We're having great success lining up crews. We fracked nine wells over the last October and a second intense wave of activity starting this week with a schedule that hosts eight fracs in just seven days. So everybody upstairs is going to be busy watching their screens. We expect to see some great cost efficiencies over this period as well, given the majority of this standing inventory is being served from both two and three well pads. And with this current market activity, there's some spare capacity in pressure pumping market and we're receiving a little bit of incremental pricing discount to accommodate this Q4 activity.
In addition to our single Montney drill, we have six core active drilling rigs. Five of those are spread out across the Greater Sundance area and one of those rigs has been bouncing around the Brazeau Complex. It will be diverted up to Kisku just east of Grand Cache at the end of the year to follow-up on a successful well we drilled earlier this fall. And all six of those rigs have been contracted through the 2019. So with those, we continue to see performance improvements that we've always associated that we achieve with the consistent core fleet of people and equipment.

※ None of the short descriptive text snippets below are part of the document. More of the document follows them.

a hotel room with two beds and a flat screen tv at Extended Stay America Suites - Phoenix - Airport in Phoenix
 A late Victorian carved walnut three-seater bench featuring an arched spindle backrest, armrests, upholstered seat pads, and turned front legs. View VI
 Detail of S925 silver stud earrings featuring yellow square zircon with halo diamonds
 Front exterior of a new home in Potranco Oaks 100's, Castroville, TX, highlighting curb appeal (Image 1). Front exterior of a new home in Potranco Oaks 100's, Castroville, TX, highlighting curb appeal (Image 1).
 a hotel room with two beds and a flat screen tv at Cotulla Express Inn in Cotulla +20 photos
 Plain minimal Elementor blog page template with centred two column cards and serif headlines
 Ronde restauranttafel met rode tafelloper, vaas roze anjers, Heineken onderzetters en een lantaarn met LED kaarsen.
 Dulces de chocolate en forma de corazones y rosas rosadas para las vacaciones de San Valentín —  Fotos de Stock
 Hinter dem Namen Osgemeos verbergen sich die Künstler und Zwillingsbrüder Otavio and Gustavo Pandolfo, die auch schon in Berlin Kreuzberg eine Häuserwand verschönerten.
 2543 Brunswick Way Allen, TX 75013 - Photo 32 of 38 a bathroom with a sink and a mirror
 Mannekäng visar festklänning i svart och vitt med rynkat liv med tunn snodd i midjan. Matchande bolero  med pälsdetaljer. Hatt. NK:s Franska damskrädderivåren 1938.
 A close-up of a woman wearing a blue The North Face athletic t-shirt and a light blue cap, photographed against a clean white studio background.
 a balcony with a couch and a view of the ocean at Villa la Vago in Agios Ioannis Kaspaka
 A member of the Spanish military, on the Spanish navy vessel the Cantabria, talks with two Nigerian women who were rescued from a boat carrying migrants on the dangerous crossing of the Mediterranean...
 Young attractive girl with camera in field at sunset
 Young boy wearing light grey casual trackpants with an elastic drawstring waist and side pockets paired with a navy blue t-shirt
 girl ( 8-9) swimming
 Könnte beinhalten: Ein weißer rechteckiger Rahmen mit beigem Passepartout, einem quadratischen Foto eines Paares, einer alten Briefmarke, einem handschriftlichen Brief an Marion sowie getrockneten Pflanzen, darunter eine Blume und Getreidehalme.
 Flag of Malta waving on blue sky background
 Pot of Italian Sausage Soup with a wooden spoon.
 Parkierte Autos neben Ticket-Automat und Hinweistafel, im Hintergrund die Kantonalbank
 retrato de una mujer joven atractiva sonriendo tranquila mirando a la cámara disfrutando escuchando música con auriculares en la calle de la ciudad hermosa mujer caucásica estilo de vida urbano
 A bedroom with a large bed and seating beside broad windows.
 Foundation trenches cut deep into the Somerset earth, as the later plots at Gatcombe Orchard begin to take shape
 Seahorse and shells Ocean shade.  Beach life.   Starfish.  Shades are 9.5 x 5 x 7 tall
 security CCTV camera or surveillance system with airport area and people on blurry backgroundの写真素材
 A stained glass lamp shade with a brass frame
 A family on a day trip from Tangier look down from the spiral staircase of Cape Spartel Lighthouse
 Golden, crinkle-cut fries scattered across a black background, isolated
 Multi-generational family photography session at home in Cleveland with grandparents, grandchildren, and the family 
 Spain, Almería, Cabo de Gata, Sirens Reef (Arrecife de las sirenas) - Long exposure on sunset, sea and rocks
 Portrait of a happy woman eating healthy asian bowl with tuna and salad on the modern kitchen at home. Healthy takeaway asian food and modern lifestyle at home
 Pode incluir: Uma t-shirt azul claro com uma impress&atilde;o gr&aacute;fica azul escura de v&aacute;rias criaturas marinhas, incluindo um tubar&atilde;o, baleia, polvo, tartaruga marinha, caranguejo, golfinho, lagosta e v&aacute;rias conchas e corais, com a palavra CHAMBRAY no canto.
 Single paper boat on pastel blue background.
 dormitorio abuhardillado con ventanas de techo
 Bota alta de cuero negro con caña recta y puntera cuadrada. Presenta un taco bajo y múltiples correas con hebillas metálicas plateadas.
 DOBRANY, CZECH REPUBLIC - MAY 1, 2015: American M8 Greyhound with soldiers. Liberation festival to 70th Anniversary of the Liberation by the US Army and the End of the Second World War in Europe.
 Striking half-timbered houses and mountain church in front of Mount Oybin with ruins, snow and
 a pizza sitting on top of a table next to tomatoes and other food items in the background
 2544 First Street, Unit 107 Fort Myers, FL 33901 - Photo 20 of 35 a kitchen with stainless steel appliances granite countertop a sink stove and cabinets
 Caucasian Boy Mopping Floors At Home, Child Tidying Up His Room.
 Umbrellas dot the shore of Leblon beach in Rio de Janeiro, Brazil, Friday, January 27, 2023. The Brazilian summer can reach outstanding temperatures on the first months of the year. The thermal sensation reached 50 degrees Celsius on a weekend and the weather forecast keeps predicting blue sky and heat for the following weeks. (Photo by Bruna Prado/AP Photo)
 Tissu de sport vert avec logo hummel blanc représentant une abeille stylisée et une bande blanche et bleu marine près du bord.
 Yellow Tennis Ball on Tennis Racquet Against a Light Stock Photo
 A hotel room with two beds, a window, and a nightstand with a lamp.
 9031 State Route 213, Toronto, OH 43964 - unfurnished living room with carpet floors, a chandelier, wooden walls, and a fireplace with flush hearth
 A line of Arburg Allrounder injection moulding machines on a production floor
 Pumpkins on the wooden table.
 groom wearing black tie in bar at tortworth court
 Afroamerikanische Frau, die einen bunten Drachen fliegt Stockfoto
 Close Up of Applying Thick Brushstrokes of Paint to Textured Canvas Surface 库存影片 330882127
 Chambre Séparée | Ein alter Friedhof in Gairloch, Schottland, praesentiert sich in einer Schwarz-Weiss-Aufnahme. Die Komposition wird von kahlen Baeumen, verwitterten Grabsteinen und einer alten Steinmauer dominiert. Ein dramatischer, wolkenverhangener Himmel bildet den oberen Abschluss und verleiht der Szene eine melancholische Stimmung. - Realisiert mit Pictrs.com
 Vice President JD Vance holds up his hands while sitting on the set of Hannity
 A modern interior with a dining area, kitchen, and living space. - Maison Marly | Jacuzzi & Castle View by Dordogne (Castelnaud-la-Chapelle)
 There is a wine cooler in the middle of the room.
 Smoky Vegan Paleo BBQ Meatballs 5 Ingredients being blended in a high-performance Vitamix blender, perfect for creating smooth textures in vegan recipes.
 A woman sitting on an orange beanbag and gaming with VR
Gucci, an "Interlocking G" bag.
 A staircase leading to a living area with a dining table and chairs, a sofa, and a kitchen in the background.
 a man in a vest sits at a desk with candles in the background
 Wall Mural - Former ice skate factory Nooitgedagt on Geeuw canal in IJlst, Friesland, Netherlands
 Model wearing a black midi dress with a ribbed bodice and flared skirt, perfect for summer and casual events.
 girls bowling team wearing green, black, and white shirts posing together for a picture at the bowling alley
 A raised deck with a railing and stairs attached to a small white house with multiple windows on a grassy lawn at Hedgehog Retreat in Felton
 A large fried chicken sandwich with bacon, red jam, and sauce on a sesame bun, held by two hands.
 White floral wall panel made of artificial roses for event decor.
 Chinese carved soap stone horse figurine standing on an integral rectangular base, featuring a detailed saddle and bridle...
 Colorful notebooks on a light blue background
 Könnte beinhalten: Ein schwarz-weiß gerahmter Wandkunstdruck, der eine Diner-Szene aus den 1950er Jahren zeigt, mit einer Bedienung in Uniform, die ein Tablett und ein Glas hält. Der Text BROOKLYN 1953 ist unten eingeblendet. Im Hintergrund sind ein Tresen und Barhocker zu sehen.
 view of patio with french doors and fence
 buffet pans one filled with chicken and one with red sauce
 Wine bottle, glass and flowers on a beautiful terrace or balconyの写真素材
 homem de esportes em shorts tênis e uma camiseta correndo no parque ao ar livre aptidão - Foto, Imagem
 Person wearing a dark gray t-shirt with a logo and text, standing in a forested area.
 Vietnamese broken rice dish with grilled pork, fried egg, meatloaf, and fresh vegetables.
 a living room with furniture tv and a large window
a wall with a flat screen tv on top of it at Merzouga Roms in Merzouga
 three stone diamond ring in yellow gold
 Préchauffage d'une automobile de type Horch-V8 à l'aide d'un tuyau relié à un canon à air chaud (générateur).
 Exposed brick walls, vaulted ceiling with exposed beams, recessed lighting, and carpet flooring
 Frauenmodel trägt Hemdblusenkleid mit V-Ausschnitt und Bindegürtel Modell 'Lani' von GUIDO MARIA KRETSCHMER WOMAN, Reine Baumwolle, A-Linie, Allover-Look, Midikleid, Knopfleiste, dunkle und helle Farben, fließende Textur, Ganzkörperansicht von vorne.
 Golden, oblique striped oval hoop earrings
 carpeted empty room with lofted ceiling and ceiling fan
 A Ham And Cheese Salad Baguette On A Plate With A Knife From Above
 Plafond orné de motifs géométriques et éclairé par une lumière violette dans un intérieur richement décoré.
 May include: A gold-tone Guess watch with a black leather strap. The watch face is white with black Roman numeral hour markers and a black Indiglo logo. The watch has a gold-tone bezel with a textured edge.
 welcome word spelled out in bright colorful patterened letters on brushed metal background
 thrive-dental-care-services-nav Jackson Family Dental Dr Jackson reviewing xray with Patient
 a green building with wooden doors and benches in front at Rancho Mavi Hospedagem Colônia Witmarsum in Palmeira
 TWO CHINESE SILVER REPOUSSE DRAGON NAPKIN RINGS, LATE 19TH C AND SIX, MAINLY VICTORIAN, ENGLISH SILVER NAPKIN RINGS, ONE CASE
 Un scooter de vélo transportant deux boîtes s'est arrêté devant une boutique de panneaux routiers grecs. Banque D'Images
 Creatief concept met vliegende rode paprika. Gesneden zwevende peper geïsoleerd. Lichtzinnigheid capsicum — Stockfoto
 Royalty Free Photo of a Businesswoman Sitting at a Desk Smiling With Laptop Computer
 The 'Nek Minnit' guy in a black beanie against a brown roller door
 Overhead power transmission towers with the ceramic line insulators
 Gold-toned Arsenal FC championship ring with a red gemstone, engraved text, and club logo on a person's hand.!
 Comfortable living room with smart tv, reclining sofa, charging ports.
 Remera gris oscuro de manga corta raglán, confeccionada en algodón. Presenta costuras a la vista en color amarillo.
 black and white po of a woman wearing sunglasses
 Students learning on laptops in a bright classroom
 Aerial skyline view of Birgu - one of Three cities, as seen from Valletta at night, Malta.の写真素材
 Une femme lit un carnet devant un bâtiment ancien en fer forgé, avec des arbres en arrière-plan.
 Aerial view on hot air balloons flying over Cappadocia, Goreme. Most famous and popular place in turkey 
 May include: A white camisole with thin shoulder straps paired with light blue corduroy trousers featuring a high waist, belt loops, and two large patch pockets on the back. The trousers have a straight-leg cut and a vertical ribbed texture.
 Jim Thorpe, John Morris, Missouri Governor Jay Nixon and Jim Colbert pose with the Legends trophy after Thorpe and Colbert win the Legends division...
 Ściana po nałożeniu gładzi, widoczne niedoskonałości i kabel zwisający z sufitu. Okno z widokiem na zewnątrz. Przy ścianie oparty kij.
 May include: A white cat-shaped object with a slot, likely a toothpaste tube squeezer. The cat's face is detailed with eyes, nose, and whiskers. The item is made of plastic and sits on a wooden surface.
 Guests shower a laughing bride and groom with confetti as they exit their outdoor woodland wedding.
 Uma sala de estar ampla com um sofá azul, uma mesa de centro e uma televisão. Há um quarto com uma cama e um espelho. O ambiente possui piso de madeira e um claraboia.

We've populated a solid program of Cardium wells to keep these six rigs active. We presently have four full completion spreads, and that represents the spare capacity that we need right now to catch up on this standing DUC inventory, while keeping up with the newly generated wells that will follow those six rigs. The rig schedule for the 2019 has essentially been fully populated. Of course, with all things, we tweak it daily almost and try and optimize that for both movement and offsetting better results. Got a great lineup of ready to drill locations that represent our capital program.
If weather and market conditions cooperate, a number of those locations are well poised for even accommodating some breakup activity. We'll see how that goes as that time approaches. One element that's kind of key to our flexibility in terms of capital expansion is we are starting to see some material improvement in terms of project approval timelines on the regulatory front. So adding newly generated projects to the schedule is steadily moving in the right direction. We're a very active participant in those discussions with the regulator.
And although there's still some significant room for improvement, great strides are being made to shrink those timelines.
Okay. Thanks, Lee. Maybe let's pop over to JP Lachance and talk about these new Cardium completion designs. JP, what can you tell us about them? How many did we do?
What's the result of them that we've
seen so far?
Sure, Darren. I think last quarter, I shared some specifics about water volumes and spacing. But essentially, we've tested three different liner designs with varying stage counts and intensity, including open hole and cemented ball drop systems and coiled tubing angular frac systems. We did this intentionally in a few areas and in sorry, for a few different wells and in different areas. As we mentioned in the press release, some of these wells with the higher frac density are cleaning up slowly or essentially flat at lower rates.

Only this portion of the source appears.